= Image-text web data =
Start of Block

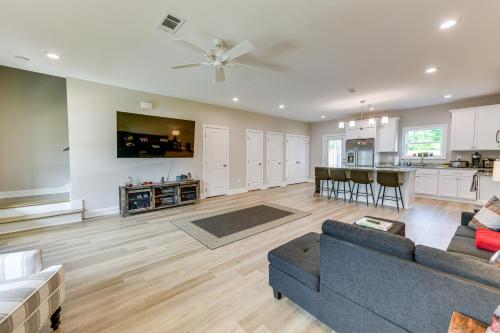 a living room with a couch and a kitchen at 4 Mi to Auburn University Townhome with Fenced Yard in Opelika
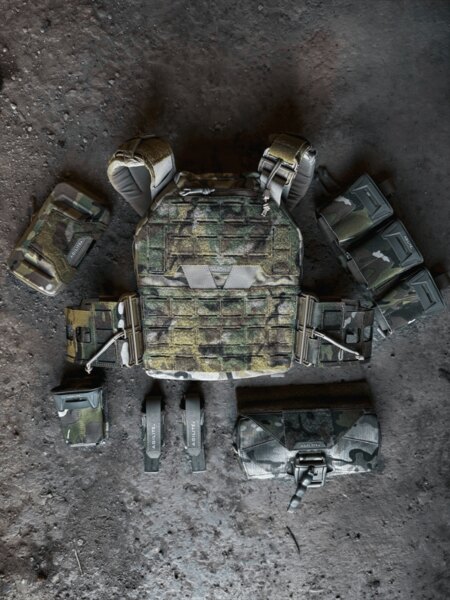 Plattenträger K-ZERO™ SF Agilite<sup>®</sup> umgeben von Zubehör, einschließlich Pincer Placard™ Taschen, BattleShell Hülle und Rückentasche Rear Hanger. Foto: Rigad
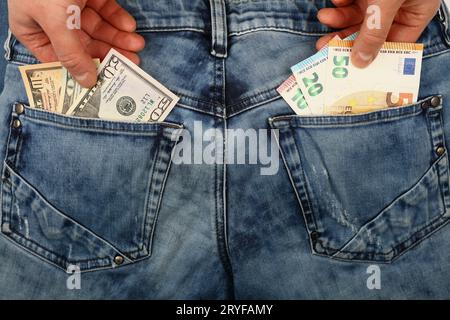 Les mains choisissent les billets de banque dans les poches arrière des jeans Banque D'Images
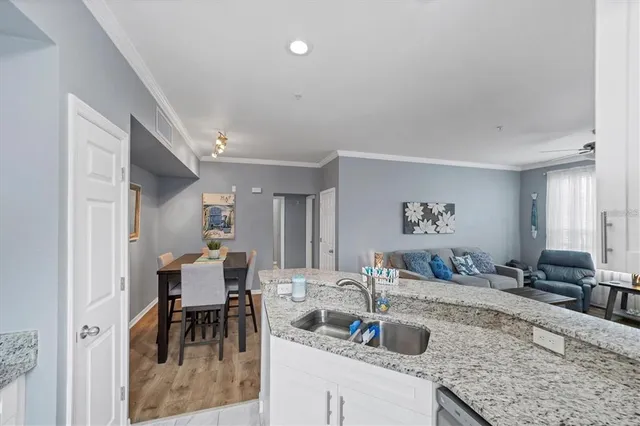 a kitchen with sink and cabinets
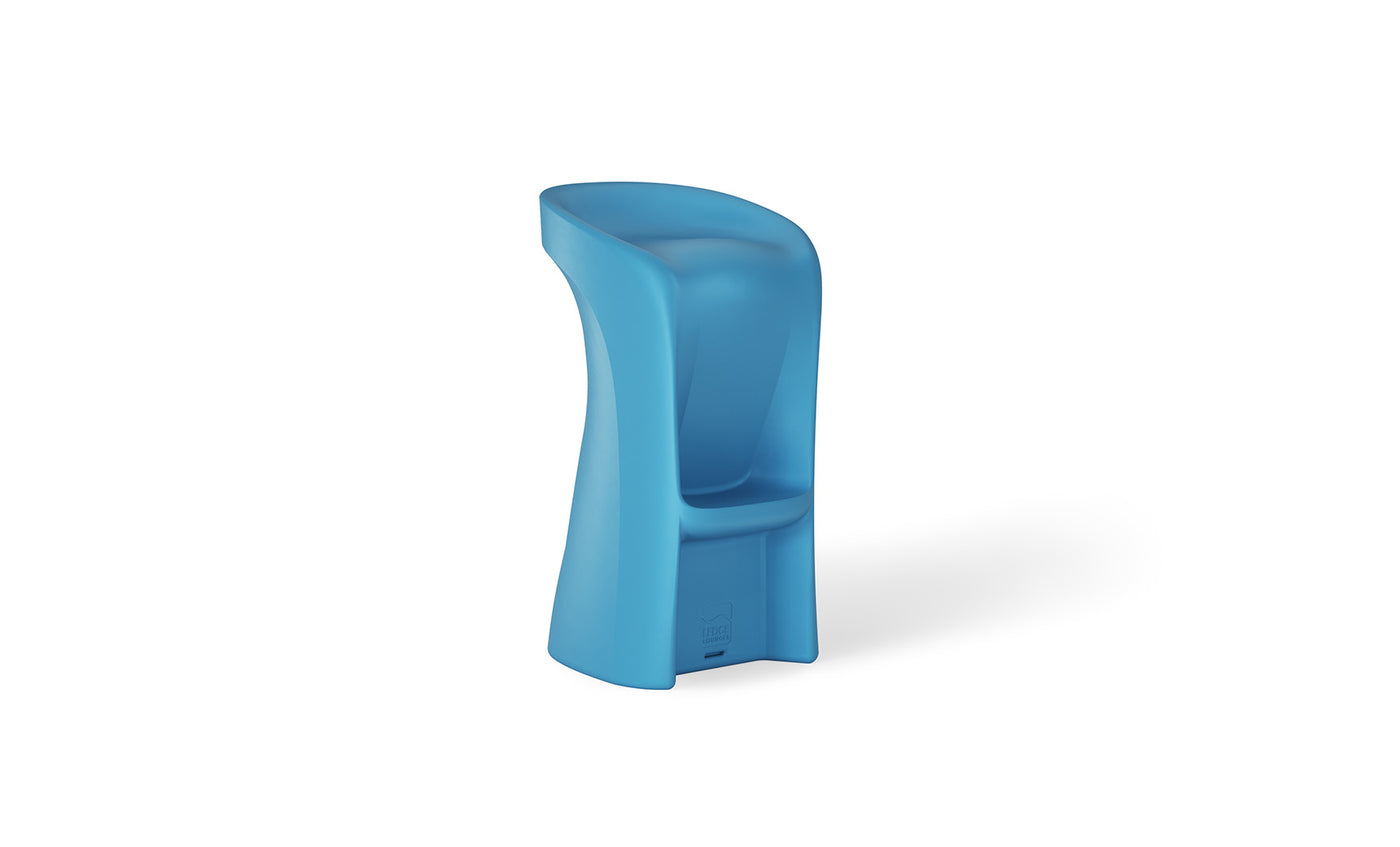 The Signature Barstool Bar Height by Ledge Lounger is a modern, blue plastic stool with a high curved backrest and footrest. Its sleek abstract design and smooth weatherproof surface make it ideal for outdoor entertaining, standing gracefully on a white background.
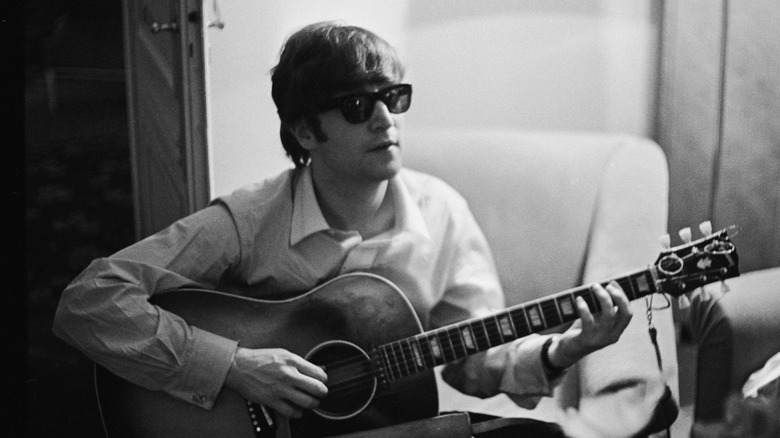John Lennon wearing sunglasses playing a guitar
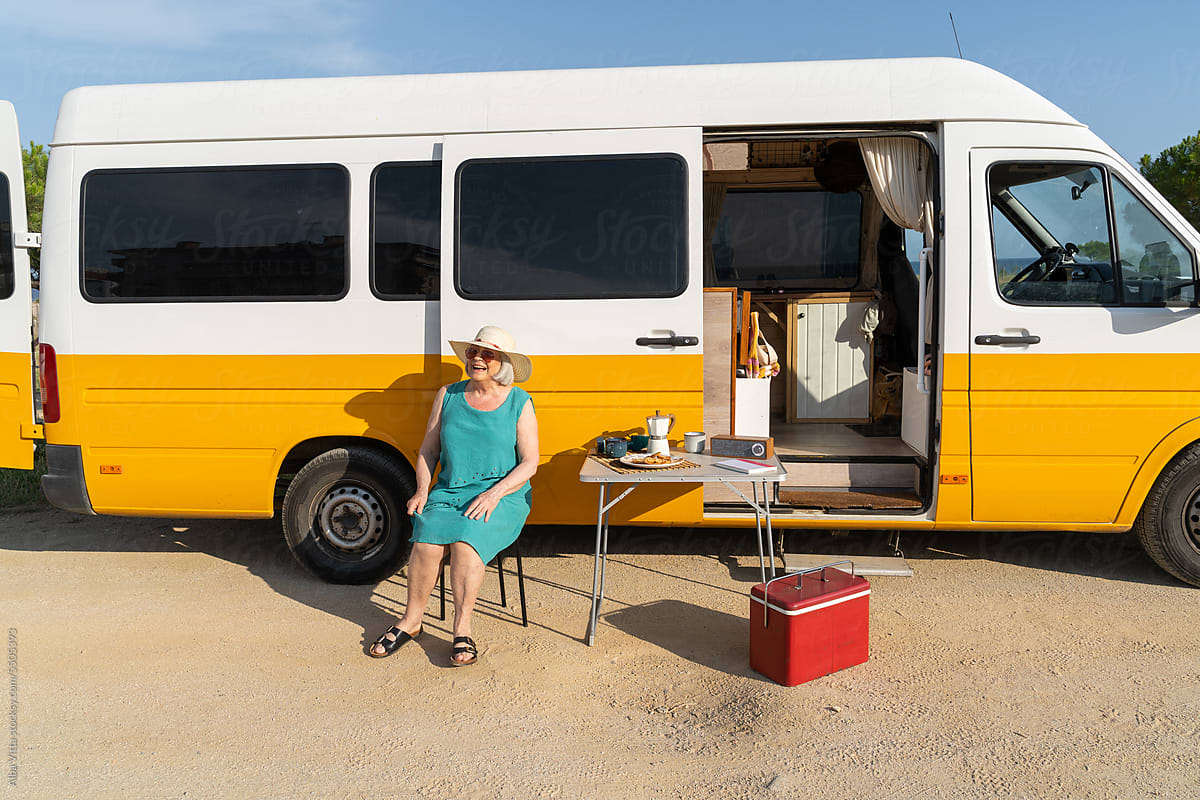 Retired woman summer holidays in camper van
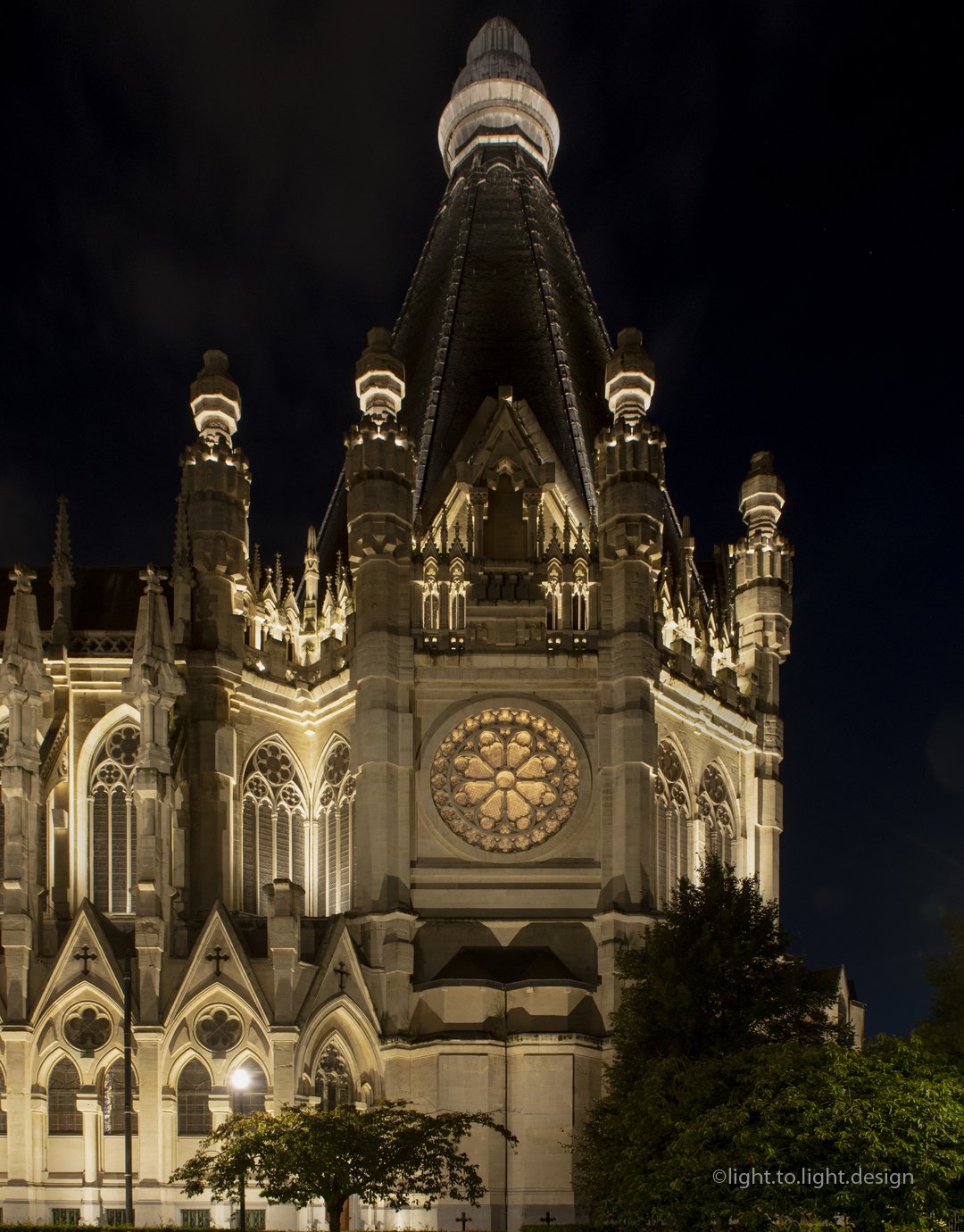 Église éclairée la nuit avec une grande rosace et des détails architecturaux néo-gothiques.
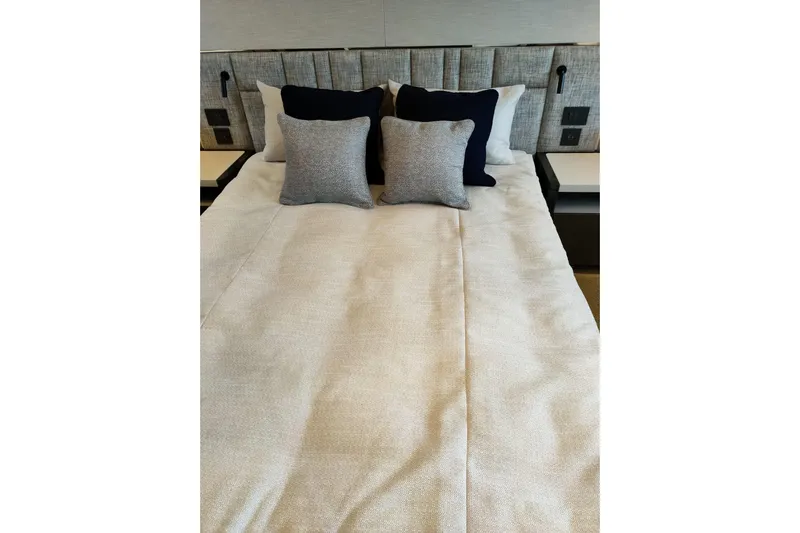 Elixa Yacht Photos Pics Luxurious bedroom interior of 2022 Sunseeker Manhattan 68 yacht with elegant bedding and cushions.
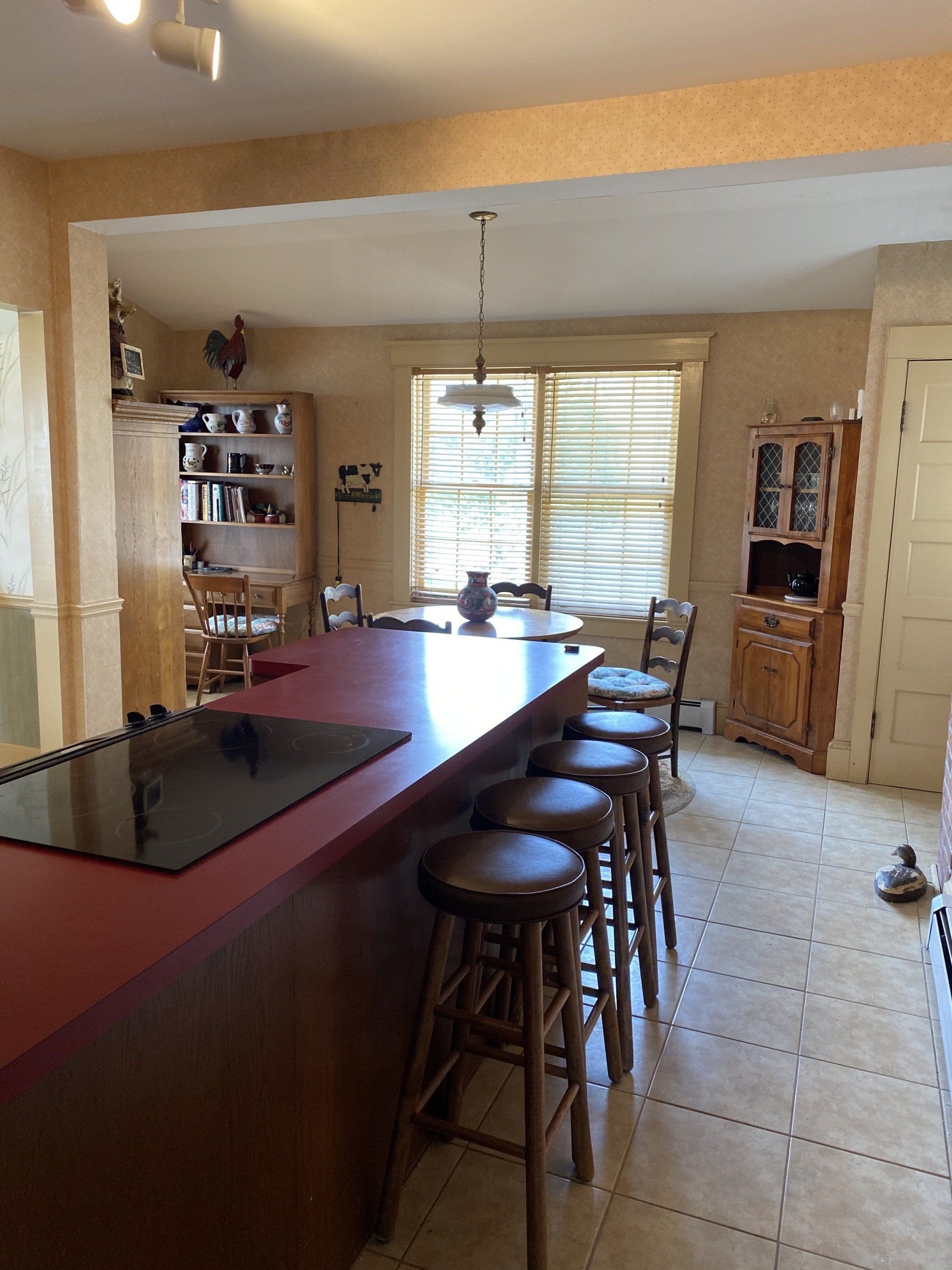 Kitchen with a red island, stools, tiled floor, and bright window blinds at the back.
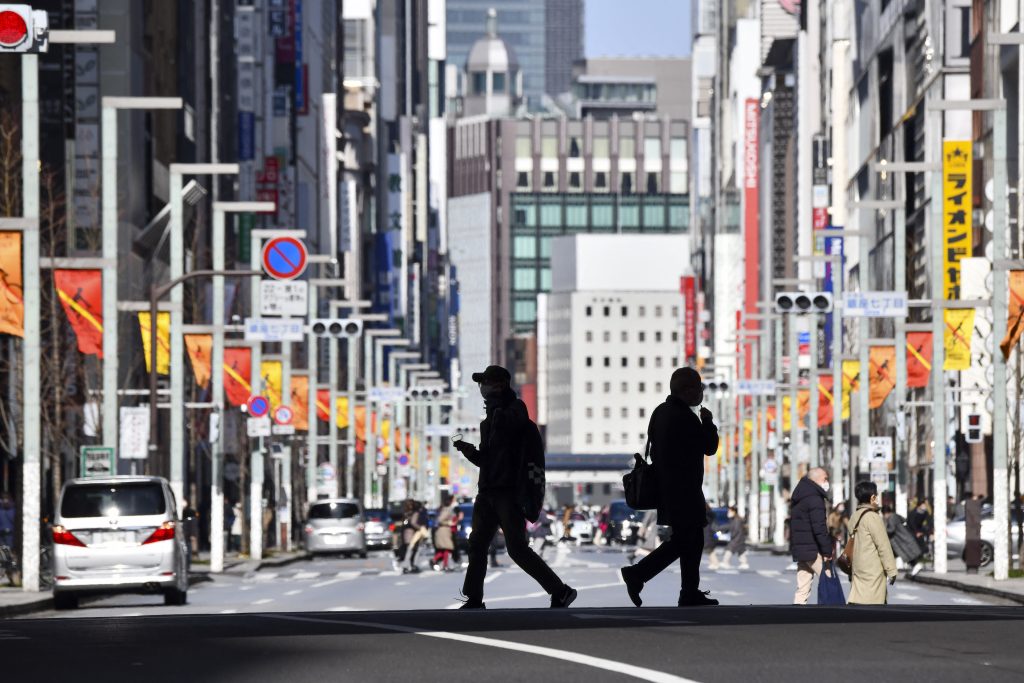 Pedestrians cross a street in the Ginza shopping district in Tokyo. (AFP)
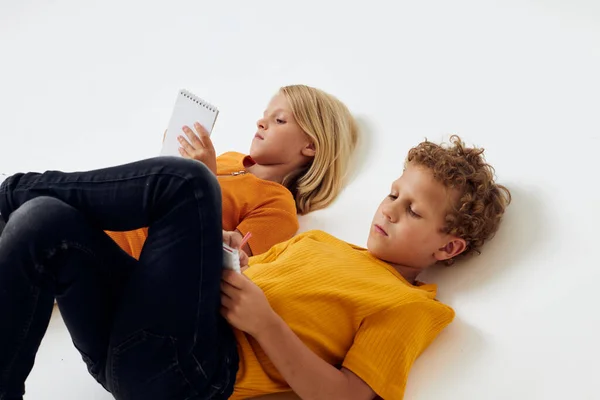 즐거운 아이들 이 노트와 연필로 어린 시절 의생활을 그대로 바꾸어 놓고 바닥에 누워 있다 — 스톡 사진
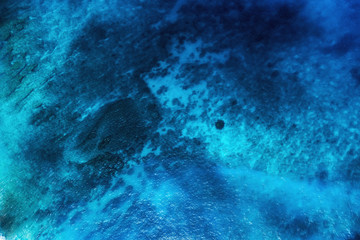 Fototapeta na wymiar Seascape at the day time. Water as a background. Turquoise water background from top view. Sea and beach. Bali, Indonesia. Travel - image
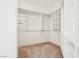 Well-organized walk-in closet features ample shelving and hanging space, for optimal storage at 3029 Paseo Hills Way, Henderson, NV 89052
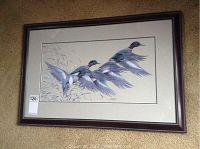 Full view of the framed print depicting ducks in flight.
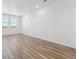 Spacious living room with wood flooring and natural light at 6840 Merseyside Ln, Castle Pines, CO 80108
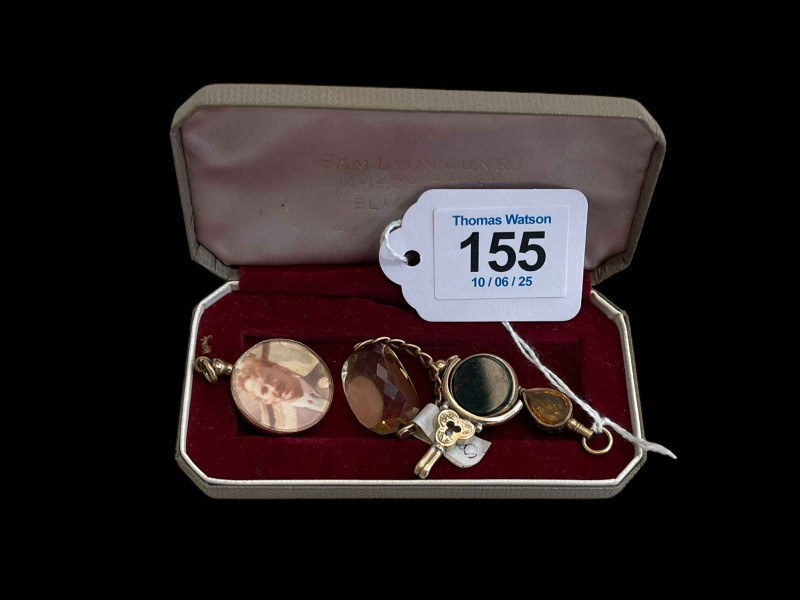 Two 9 carat gold swivel fobs, 9 carat gold photo locket, and 19th Century watch key (4).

End of Block

= Work to be completed =
From the line containing "Well-organized walk-in closet" through the last line of the entries, copy each line exactly and only those, skipping all pictures.

= Response to this exercise =
 Well-organized walk-in closet features ample shelving and hanging space, for optimal storage at 3029 Paseo Hills Way, Henderson, NV 89052
 Full view of the framed print depicting ducks in flight.
 Spacious living room with wood flooring and natural light at 6840 Merseyside Ln, Castle Pines, CO 80108
 Two 9 carat gold swivel fobs, 9 carat gold photo locket, and 19th Century watch key (4).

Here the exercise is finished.